Hey folks I was hoping to start posting some Wiki entries dealing with Carpentry and the scenic side of things. Unfortunately my brain can't wrap around the proper way to do it. 
Should I start putting up individual items like OSB, MDF, AC CDX 1x4,2x4, or should it be a single entry like; Engineered sheet goods, then all the types and Dimensional Lumber, then all the types and grades? 

Any input ? Any Interest? Any other areas they people would like to see addressed from the scenic angle? 

It's funny, I don't think about tools, and materials that I use on a daily basis as being something not everybody knows about, so it's knid of difficult for me to say," Oh yeah I should post a definition of Speed Square ."


----------



## Footer (Aug 19, 2007)

standard building practices my also be a great thing to throw in their. I think just a listing of all sheet goods and stick goods would be fine. I'll throw some steel stuff in their as well. If we could tie each product to its "usual" use, might get some people thinking in different ways.


----------



## gafftaper (Aug 19, 2007)

I think it makes the most sense to go with a thread titled "wood building materials" (or something like that). Then have it all brokendown within the thread. To me you want to have a category title that a person who knows nothing about the topic can easily find... they might never find a wiki article titled MDF. But if it says Wood in the title they'll find it.


----------



## Grog12 (Aug 19, 2007)

I'd go with both.
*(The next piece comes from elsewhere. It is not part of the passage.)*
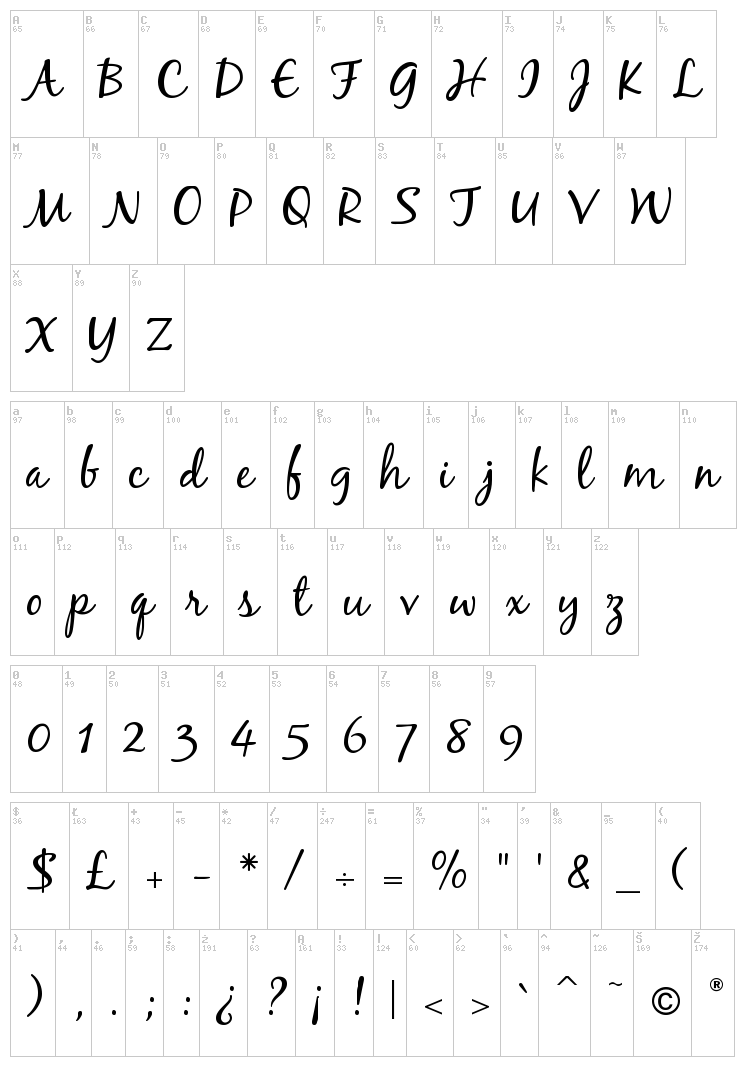 Black Jack font map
But that's the teacher in me saying make it as simple and accessible as possible. The general category with listings of the types then a separate one for someone who says..."Hey wtf is MDF?"


----------



## icewolf08 (Aug 19, 2007)

I agree with Grog, I think in the glossary you put all the individual tems/items, and then in the "collaborative" articles you do on article on wood building materials/techniques. Then maybe do the same for wood tools and then for metal work, etc.


----------



## Van (Aug 20, 2007)

icewolf08 said:


> I agree with Grog, I think in the glossary you put all the individual tems/items, and then in the "collaborative" articles you do on article on wood building materials/techniques. Then maybe do the same for wood tools and then for metal work, etc.


 
That's kind of what my wife said. So since she said it, I guess I have to do it. I think I'll be doing a lot of "cross posting", if I can do it. I need to see if I can list the individual items eg. OSB, MDF... in the glossary , but then redirect them all to one big entry, like a web page that's a single page, but the index at the top scrolls you to the proper place. .
Hmmmm .. Guess I gotta get familiar with the Wikki commands.


----------



## Grog12 (Aug 20, 2007)

Van said:


> That's kind of what my wife said. So since she said it, I guess I have to do it.
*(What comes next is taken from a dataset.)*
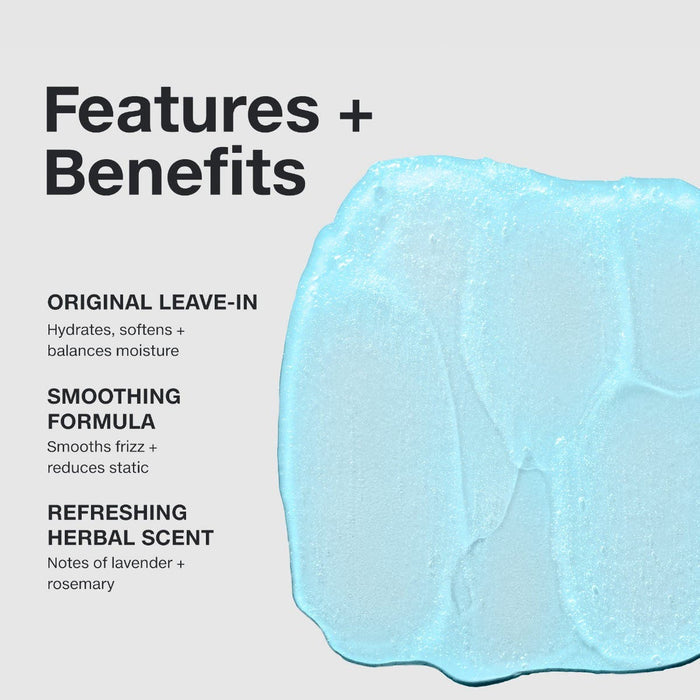 Features and benefits smear infographic for Paul Mitchell The Conditioner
My new Grandmother-in-law bought me a shirt just before our wedding that says "I used to have an opinion, now I have a wife"


The other thing you could do Van is just build the big data base of wood and one of us could separate it out if you want. Just a thought.


----------



## gafftaper (Aug 20, 2007)

Van Why don't you just write it all in one place and let some of these HTML guys take care of sorting it out and making it pretty.


----------



## Chaos is Born (Aug 20, 2007)

"HTML guys"

not quite HTML... but i guess it could be considered close enough...


----------



## Van (Aug 20, 2007)

Grog12 said:


> My new Grandmother-in-law bought me a shirt just before our wedding that says "I used to have an opinion, now I have a wife"
> 
> 
> The other thing you could do Van is just build the big data base of wood and one of us could separate it out if you want. Just a thought.


 

gafftaper said:


> Van Why don't you just write it all in one place and let some of these HTML guys take care of sorting it out and making it pretty.


 
I like the sound of that, I'll be creative and let somebody else do the work ! 

"Look Ma! I'm a Scenic Designer !!!"


----------



## dvsDave (Aug 20, 2007)

sure Van, I can definitely re-format any materials you write up.


----------



## Van (Aug 21, 2007)

Cool ! Thanks. I'm working up a bunch of stuff offline, then I'll spend a night U/L ing .


----------